C HARLES TRENET était un marchand de bonheur. En soixante ans de carrière et plus de 1 000 chansons, parmi lesquelles des tubes immortels et des ritournelles qui ont fait le tour du monde dans quasiment toutes les langues, celui qui avait été surnommé dans les années 1930/1940 - à tort ou à raison - le « fou chantant », incarnait la chanson française. La vraie, l'authentique. Celle qui s'écrit avec la culture et la connaissance de la langue, pas avec des dictionnaires de rimes.

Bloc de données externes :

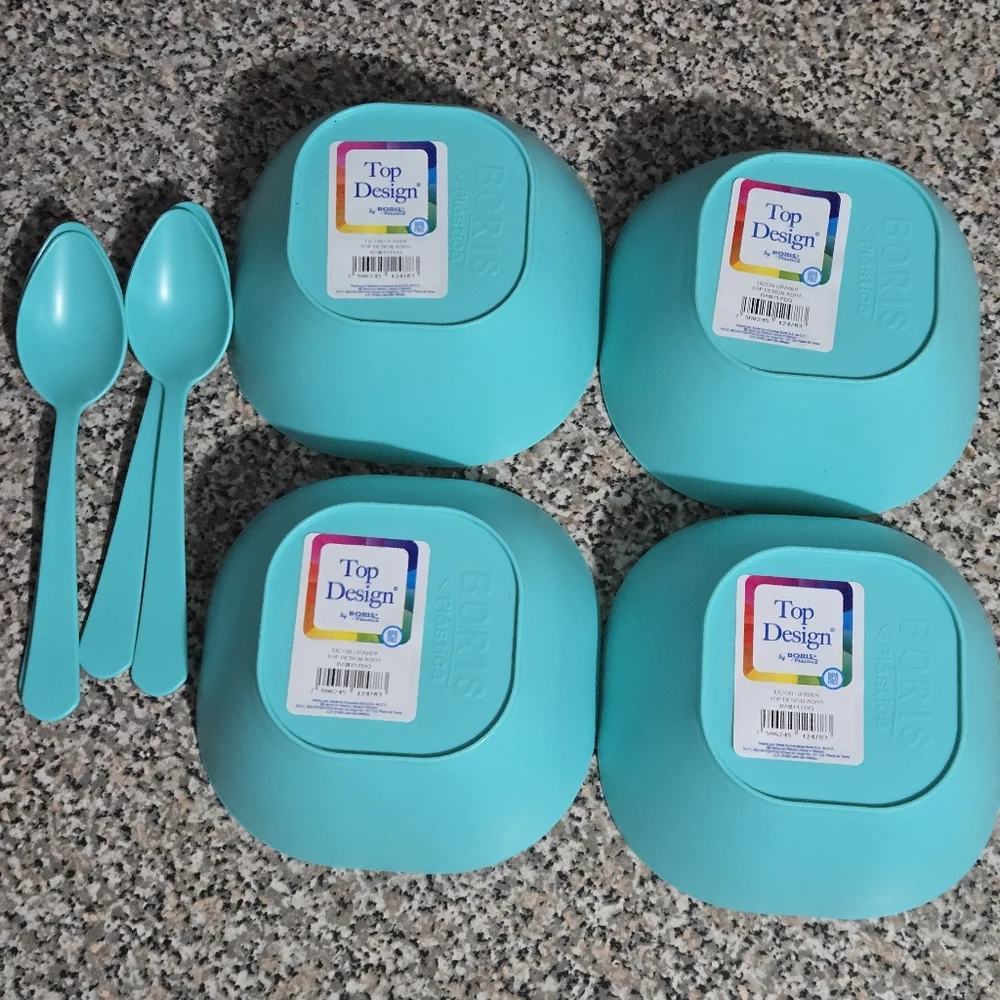 🍒🍒 Aqua Dining Bowl and Spoon Set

Paradoxalement, c'est grâce au jazz et à ses rythmes fous d'avant-guerre que Charles Trénet est devenu un des chanteurs français les plus populaires. Né à Narbonne en mai 1913, il monte à Paris à l'âge de 17 ans et y rencontre, dans un club de jazz de Montparnasse, un jeune pianiste suisse, Johnny Hess. Celui-ci lui fera découvrir le jazz swing et des chanteurs américains comme Cab Calloway, créateur de « Mini The Moocher » et archétype de l'« entertaineur » de l'époque. Plusieurs succès, comme « Y'a d'la joie » (1937), « Je chante » (1937), « Boum » (1938), notamment, témoignent des sources d'inspiration musicale du jeune homme, le tout mis aux goûts des Français.

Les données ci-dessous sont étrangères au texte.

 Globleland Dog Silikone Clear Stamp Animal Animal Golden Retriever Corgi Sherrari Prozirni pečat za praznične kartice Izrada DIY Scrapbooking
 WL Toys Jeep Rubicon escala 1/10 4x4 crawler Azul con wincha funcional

Durant les années de guerre, le chanteur va écrire également quelques-uns de ses plus gros tubes, dont le célébrissime « la Mer ». La légende - lancée par Charles Trénet lui-même ! - veut que ce poème, dont les droits ont rapporté autant d'argent à son auteur que le « Boléro » de Ravel, ait été écrit sur une feuille de papier toilette, dans un train entre Sète et Montpellier. Aujourd'hui, il existe plus de 4 000 enregistrements de cette chanson dans le monde entier, dont la très belle version anglaise, intitulée « Beyond The Sea », du guitariste/chanteur George Benson.
Après-guerre et jusqu'à encore très récemment, le chanteur-poète donnera à la variété française de très grande qualité des textes merveilleux, agrémentés par des mélodies extrêmement populaires, faciles à chanter et à retenir. De celles que l'on fredonnera toujours, de génération en génération. De « Que reste-t-il de nos amours » à « Moi, j'aime le music-hall » en passant par la magnifique « Complainte des poètes ».

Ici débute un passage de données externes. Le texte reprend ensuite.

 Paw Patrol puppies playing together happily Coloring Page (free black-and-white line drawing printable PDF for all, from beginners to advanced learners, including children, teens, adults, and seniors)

Car voilà bien le secret du grand Charles. Durer éternellement. Surpasser les clivages entre anciens et nouveaux, entre jeunes et vieux pour inscrire une uvre dans le temps. Durant toute sa vie de chanteur, Charles Trénet aura eu comme principal objectif de servir la chanson française, comme on sert son pays et sa patrie. Lui, le recalé à l'Académie française, méritait bien d'entrer au Panthéon des grands poètes reconnaissants.
* Victime d'une première attaque , Charles Trénet avait été hospitalisé la semaine dernière ; selon son secrétaire, il a pris lui-même, dimanche, « la décision de faire arrêter la souffrance, les médicaments ».